Hans, Abraham

Uit NEVB Online
Ga naar: navigatie, zoeken

(Sint-Maria-Horebeke 12 februari 1882 – Knokke 6 juli 1939).

Zijn ouders waren Nederlandse protestanten die zich te Sint- Maria-Horebeke in Oost-Vlaanderen kwamen vestigen, waar de vader onderwijzer werd van de daar als Geuzenhoek bekendstaande historische protestantse enclave. Hans behaalde zijn onderwijzersacte in Nederland, daarna ook in Gent. Achtereenvolgens was hij onderwijzer te Sluiskil, Roeselare, Sluis, Antwerpen en Kontich. Na reeds geruime tijd aan kranten te hebben meegewerkt, werd hij na de Eerste Wereldoorlog beroepsjournalist bij het dagblad Het Laatste Nieuws waarin hij al in 1911-1912 zijn eerste feuilleton had gepubliceerd, namelijk de historische roman Een heldenstrijd of de kapitein der Boschgeuzen, waarin hij vertelde over de strijd van de vroegere protestanten in zijn geboortestreek.

In de Eerste Wereldoorlog verbleef hij in Zeeuws-Vlaanderen, op een kruispunt van oorlogsnieuws, waar hij verslaggever was voor De Telegraaf in Amsterdam. Hij schreef er toneelstukken voor de vluchtelingen, richtte een dienst op voor hulp aan krijgsgevangenen in Duitsland en werkte samen met Anna de Vos voor het Werk der Vlaamsche Oorlogsmeters.

Na de oorlog maakte Hans in Het Laatste Nieuws ophef met een campagne voor het herstel van de "verwoeste gewesten", zoals men het frontgebied noemde. Zijn ervaringen verwerkte hij in romans als Het woud van Houthulst, De dood in Vlaanderen en Een Vlaamsch gezin in oorlogstijd.
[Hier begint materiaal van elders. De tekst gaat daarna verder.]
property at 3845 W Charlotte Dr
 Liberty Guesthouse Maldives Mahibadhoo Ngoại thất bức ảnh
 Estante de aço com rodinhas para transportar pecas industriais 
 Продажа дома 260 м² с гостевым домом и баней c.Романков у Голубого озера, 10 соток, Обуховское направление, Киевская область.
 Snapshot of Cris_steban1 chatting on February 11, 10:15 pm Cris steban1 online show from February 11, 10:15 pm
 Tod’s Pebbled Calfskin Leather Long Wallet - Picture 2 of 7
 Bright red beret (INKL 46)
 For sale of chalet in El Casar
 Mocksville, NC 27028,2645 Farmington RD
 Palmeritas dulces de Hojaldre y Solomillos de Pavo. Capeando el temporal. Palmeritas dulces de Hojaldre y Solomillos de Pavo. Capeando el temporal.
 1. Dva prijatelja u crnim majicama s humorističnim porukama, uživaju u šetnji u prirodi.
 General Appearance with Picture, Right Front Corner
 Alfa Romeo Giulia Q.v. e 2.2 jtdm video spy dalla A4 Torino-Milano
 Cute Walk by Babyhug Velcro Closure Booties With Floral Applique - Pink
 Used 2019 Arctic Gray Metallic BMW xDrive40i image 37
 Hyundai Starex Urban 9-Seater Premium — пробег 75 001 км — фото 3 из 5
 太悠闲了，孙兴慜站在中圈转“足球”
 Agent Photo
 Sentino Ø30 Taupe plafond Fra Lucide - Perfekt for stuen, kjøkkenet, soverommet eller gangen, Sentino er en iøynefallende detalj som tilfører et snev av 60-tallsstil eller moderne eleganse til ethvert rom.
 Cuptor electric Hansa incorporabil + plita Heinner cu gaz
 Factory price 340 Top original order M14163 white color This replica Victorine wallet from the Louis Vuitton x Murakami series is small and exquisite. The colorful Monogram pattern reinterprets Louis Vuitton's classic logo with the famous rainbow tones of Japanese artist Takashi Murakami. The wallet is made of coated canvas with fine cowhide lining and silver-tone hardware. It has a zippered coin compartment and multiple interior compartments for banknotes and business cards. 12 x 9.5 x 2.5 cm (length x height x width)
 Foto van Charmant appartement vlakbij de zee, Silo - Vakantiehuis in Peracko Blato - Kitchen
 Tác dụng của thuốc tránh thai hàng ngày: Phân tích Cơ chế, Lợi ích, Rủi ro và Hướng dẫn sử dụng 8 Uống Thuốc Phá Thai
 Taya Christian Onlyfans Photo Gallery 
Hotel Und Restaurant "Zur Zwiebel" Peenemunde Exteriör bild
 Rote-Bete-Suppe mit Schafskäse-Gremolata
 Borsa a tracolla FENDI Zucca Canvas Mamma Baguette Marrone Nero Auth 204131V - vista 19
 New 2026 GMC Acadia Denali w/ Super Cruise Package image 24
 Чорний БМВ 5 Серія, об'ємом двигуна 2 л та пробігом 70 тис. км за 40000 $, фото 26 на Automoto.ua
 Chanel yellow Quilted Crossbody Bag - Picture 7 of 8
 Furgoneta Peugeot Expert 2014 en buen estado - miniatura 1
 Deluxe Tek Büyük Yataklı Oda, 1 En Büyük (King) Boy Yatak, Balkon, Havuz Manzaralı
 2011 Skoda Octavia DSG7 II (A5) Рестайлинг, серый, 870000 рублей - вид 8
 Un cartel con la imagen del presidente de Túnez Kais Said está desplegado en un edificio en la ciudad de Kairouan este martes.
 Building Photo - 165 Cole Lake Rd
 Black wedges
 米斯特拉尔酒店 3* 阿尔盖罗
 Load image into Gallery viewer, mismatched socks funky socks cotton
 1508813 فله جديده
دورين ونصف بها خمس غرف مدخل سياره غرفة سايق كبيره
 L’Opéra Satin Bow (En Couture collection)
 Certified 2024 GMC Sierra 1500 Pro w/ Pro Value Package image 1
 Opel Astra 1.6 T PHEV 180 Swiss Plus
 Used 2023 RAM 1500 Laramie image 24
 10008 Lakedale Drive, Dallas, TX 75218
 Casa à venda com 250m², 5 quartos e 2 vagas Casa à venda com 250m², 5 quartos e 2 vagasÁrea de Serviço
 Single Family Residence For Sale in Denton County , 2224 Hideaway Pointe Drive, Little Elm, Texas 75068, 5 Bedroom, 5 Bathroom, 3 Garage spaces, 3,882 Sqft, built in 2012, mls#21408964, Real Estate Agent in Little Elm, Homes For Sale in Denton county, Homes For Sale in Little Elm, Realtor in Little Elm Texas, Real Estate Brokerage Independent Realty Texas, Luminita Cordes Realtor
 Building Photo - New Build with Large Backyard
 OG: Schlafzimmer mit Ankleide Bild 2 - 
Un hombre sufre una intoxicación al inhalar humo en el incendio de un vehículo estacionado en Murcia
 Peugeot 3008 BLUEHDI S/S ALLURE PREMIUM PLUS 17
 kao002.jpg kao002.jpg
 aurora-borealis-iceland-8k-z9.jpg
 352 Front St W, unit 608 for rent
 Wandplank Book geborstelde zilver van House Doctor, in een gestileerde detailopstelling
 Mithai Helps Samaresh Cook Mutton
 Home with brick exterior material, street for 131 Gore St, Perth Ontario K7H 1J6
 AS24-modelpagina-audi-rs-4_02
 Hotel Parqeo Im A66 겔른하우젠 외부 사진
Hans, die een goed spreker was en die zich voor de Eerste Wereldoorlog al voor de beschaafde omgangstaal en voor de vernederlandsing van de universiteit in Gent had ingespannen, ging ontelbare voordrachten geven voor het Willemsfonds en werd een gevierd redenaar op Guldensporenvieringen, waarbij hij de klemtoon legde op een democratische organisatie van het land. Hij sprak ook op de eerste grote amnestiemeeting op 17 januari 1920 in Antwerpen en nam verder deel aan de verzoeningscampagne. Tot het eind van zijn leven zou deze verdraagzame, sociaal bewogen en vrome man flamingant blijven, maar in de jaren 1930 zag hij met grote bezorgdheid naar de toenmalige rechtse evolutie van het Vlaams-nationalisme.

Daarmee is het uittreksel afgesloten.